▶ Material shown:
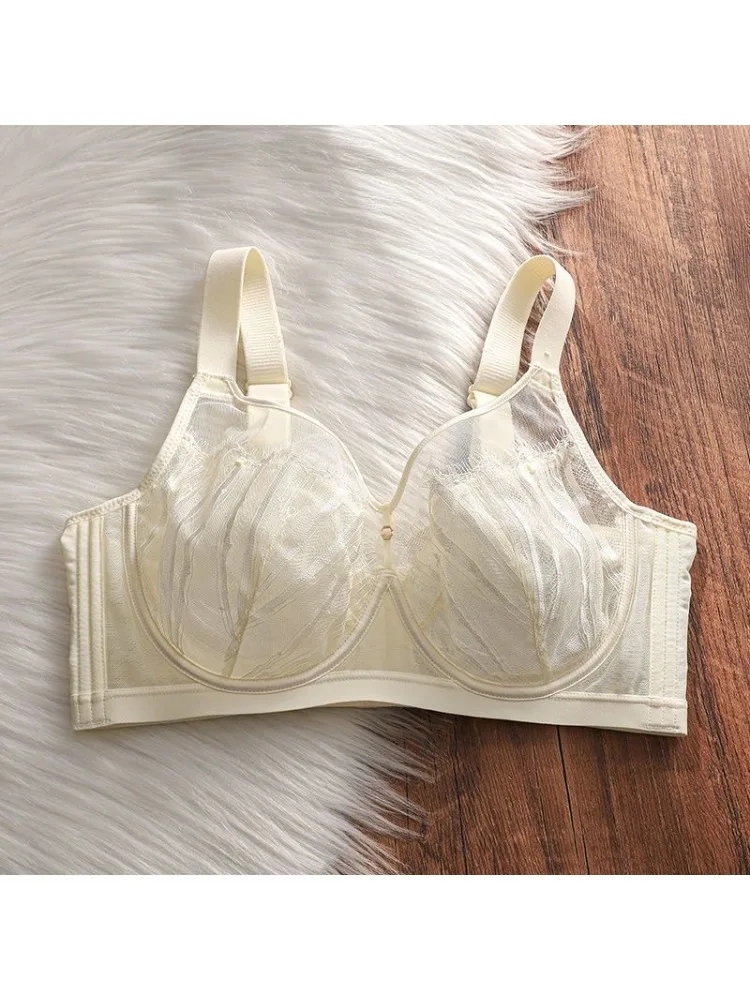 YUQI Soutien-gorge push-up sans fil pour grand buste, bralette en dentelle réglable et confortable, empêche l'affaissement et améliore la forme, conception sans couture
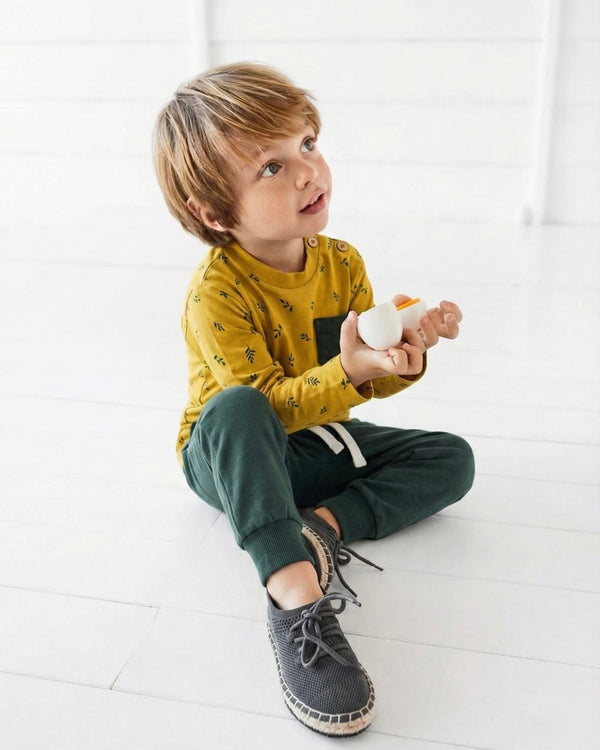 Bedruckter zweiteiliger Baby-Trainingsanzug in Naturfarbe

--

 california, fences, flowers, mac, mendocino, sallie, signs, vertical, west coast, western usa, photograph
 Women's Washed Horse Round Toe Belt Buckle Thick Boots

▶ What to work on: Set down, exactly as written above, each line from the one with "YUQI Soutien-gorge push-up" through the one with "Bedruckter zweiteiliger Baby-Trainingsanzug", and skip the pictures.

▶ Solved exercise:
 YUQI Soutien-gorge push-up sans fil pour grand buste, bralette en dentelle réglable et confortable, empêche l'affaissement et améliore la forme, conception sans couture
 Bedruckter zweiteiliger Baby-Trainingsanzug in Naturfarbe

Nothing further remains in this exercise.